▶ Data shown:
<<<<

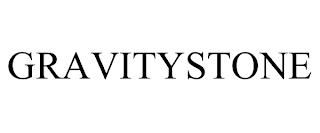 GRAVITYSTONE trademark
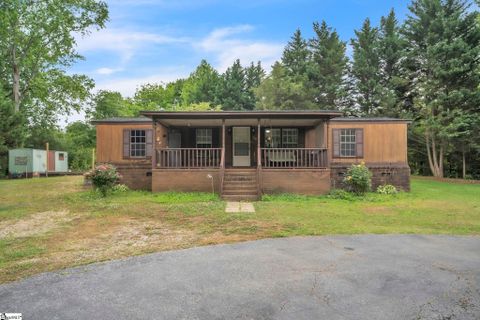 110 Donna Marie Drive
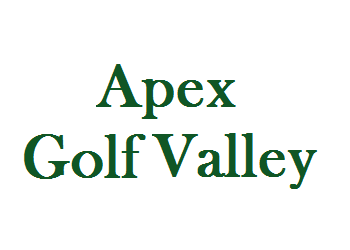 Apex Golf Valley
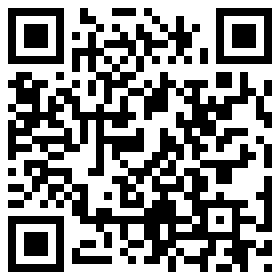 qrcode für RZB 950800.000.700.900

>>>>

▶ Try it: Return nothing except the lines from the one containing "110 Donna Marie Drive" through the final line of the data, copied exactly. Leave out all pictures.

▶ Solved exercise:
 110 Donna Marie Drive
 Apex Golf Valley
 qrcode für RZB 950800.000.700.900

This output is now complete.